Menjadikan SK Tugas Belajar sebagai persyaratan wajib dalam hal ini bisa berfungsi sebagai alat kontrol awal untuk memastikan bahwa pendidikan yang ditempuh setiap ASN itu relevan, legal, dan bermanfaat bagi organisasi. Hal ini penting agar pengembangan kompetensi berlangsung secara teratur dan sesuai dengan kebutuhan organisasi. Tanpa kontrol ini, ada risiko ASN menempuh pendidikan di lembaga yang tidak kredibel atau mengambil jurusan yang tidak relevan, serta penyalahgunaan gelar untuk kepentingan pribadi.

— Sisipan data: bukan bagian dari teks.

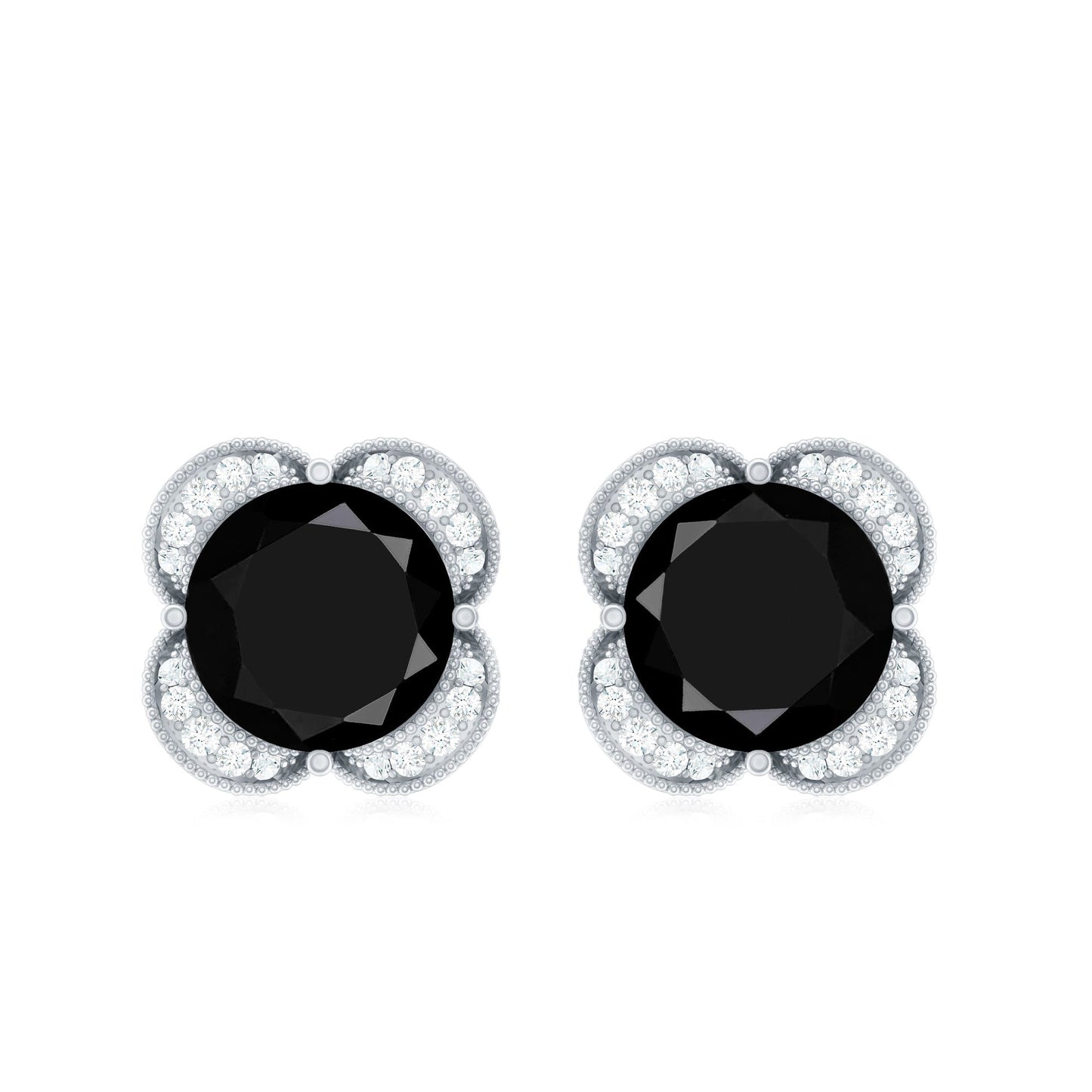 Lab Grown Black Diamond Statement Stud Earrings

Jika Pencantuman Gelar Akademik ASN dapat disetujui oleh BKN tanpa persyaratan SK Tugas Belajar atau SK Izin Belajar, maka akan muncul ketidakadilan dan konflik internal ASN. Sebab, ASN yang mengikuti prosedur dengan benar akan sangat merasa dirugikan, sementara yang memilih jalan pintas seperti kuliah jarak jauh tanpa izin, akreditasi tidak sesuai dan lainnya, justru mendapatkan kemudahan.
Hal Ini juga akan berpotensi memicu kecurigaan dan saling lapor mengenai ijazah palsu atau tidak sesuai prosedur dikemudian hari pada saat persaingan antar ASN misalnya pada saat promosi atau seleksi jabatan.
Oleh karena itu, diperlukan regulasi yang menghubungkan kebijakan mempermudah PGA ASN oleh BKN dengan kebutuhan kontrol mutu setiap instansi. Penyederhanaan proses memang penting, tetapi tanpa mekanisme kontrol yang memadai, hal ini dapat merusak sistem merit ASN yang telah dibangun setiap instansi.
Dengan demikian kebijakan Badan Kepegawaian Negara (BKN) mengenai kemudahan Pencantuman Gelar Akademik ASN memang tidak, tetapi berpotensi, mencederai regulasi teknis internal setiap instansi, jika tidak disinkronkan. Jadi BKN perlu membuka ruang dialog dan penyesuaian, agar setiap instansi tetap memiliki otoritas dalam mengelola pengembangan kompetensi ASN sesuai konteksnya masing-masing. Tanpa langkah ini, penyederhanaan tersebut berisiko menjadi masalah baru dalam tata kelola ASN di masa depan.